I went to the library the other day and did a search for “apocalyptic fiction” because I was in that kind of mood. I picked a couple of titles. One was a trilogy set in post-nuke Arizona—and well, there were the usual cannibals and crazies. I made it through the first book but it was chewy and without much flavour. So, I tossed it out the window as I was driving by a herd of walkers.
But my
second pick, Who Fears Death, is the
kind of novel you just don’t want to put down. The story is set thousands of
years in the future, in Sub-Saharan Africa. Nnedi Okorafor evokes a society in
conflict, with warring groups divided by clan, skin-colour* and historical
enmity. However, it is her depiction of
life in the village of Jwahir, the coming of age struggles of Onyesonwu, and richly
detailed, complex characters and nuanced layers of relationships that are so
rewarding to read. When you feel you’re reading about a real place and people,
the storyteller has hit the mark! It should be noted that Okorafor’s
depictions of inter-tribal warfare are graphic and difficult to read, and bring
to mind the 1994 Rwandan genocide, the recent attacks by Boko Haram cultists
in Nigeria, and warfare in Sundan. Her writing has a visceral effect on the
reader.
Onyesonwu
is a child of rape, a “Ewu”, whose mother, after her ordeal, escapes the brutal
campaign led by a cohort of Nuru attacking her village. She later gives birth
in the desert to a daughter, whose distinctive, tan-coloured skin will mark her as a societal
outcast. The story is told in the first person by Onyesonwu (her name means
“Who Fears Death?”) She dictates her story
to an unnamed scribe during what we learn are her final days before she is to
be executed.
I can’t
say enough about the ease with which young Onyesonwu’s tale is told.

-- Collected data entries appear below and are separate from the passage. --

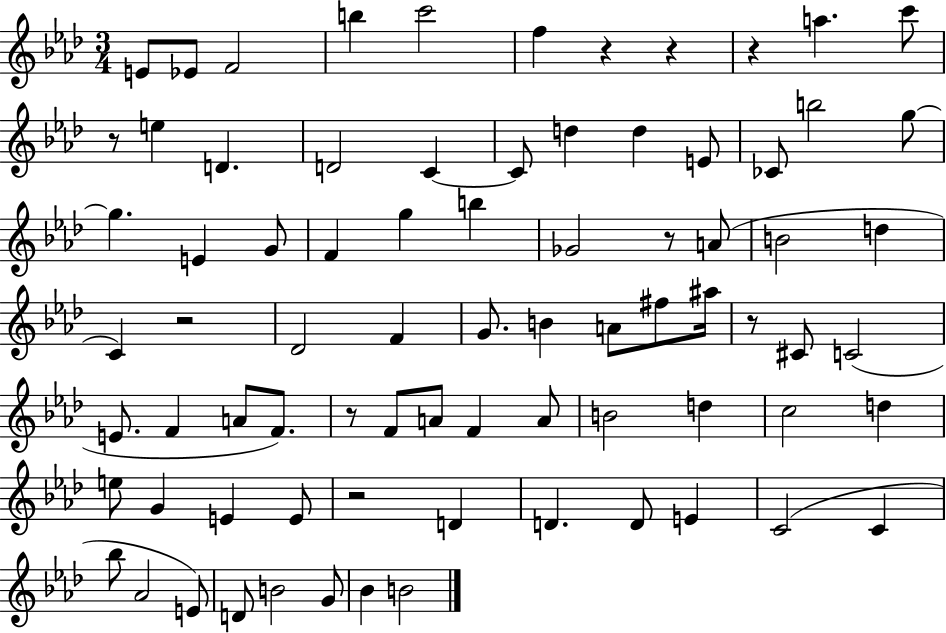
X:1
T:Untitled
M:3/4
L:1/4
K:Ab
E/2 _E/2 F2 b c'2 f z z z a c'/2 z/2 e D D2 C C/2 d d E/2 _C/2 b2 g/2 g E G/2 F g b _G2 z/2 A/2 B2 d C z2 _D2 F G/2 B A/2 ^f/2 ^a/4 z/2 ^C/2 C2 E/2 F A/2 F/2 z/2 F/2 A/2 F A/2 B2 d c2 d e/2 G E E/2 z2 D D D/2 E C2 C _b/2 _A2 E/2 D/2 B2 G/2 _B B2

Okorafor's voice
is that of a true story-teller—simple, direct, calm, like someone saying: “Here
is what happened. Let me tell you.” Even her descriptions of horrific inter-tribal
carnage, rape, genital mutilation, as well as Onyeswu’s terrifying visions
and transformations, are done with a stoic voice that reveals how and why such
things happened, and then says: “Let me tell you what happens next.”
Nnedi Okorafor |
The story
of Onyesonwu is set in a time when sorcery and “ju-ju” magic exist alongside
elements of modern technology—there are some computers, cellphones, electricity
and amenities such as running water—but on a more limited ‘village-scale’. One
passage relates a tale from the “Great Book”, the Okeke bible. It is a creation
story describing how a great civilization was destroyed because of the hubris
of the Okeke, who thereafter are relegated to the status of slaves for their
punishment. Consequently, the dark-skinned Okeke live on the edge of destruction and adopt a
fatalism that may doom them. As Onyesonwu matures and discovers her latent
magical powers under the tutelage of Aro, the village sorcerer, she rebels
against such fatalism. As a young adult, she leaves Jwahir, accompanied by
Mwita, her “life’s companion” and a group of her childhood friends. She embarks
on her quest with two purposes in mind: The first is to discover the truth around
a prophesy telling of a saviour who will liberate the Okeke people. Her second
purpose is to find the man who raped her mother—her birth father—and kill him.
Her
journey is like those found in many spiritual quests: A small group accompanies
an anointed saviour, who we learn is Onyesonwu, herself. They travel through
desert lands**, where Onyesonwu undergoes hardships and is tested by
supernatural powers, and at last arrives at the place where she will be
sacrificed, something she has seen in a vision. Her subsequent death is to signal a great change in the world.
Okorafor
draws on myth and legend, as well as from Islam, Christianity and other traditions to
create a richly evocative and magical journey one woman makes to fulfill her
destiny.
Cheers, Jake.
*I am
reminded of Rwanda, and the divisions between the light-skinned Tutsis and the
darker Hutus. In Okorafor’s future, the Nuru and Okeke are the equivalent of
these groups, with the Nuru more war-like and bent on a campaign of genocide,
and whose goal is the eventual eradication of the Okeke people.
** Nnedi
Okorafor provides the reader with little back-story as to the setting of this
future time. Much later in the book we are given a detail: As they journey west, Onyeswu muses that most of
the world was now desert and the oceans have all dried up.)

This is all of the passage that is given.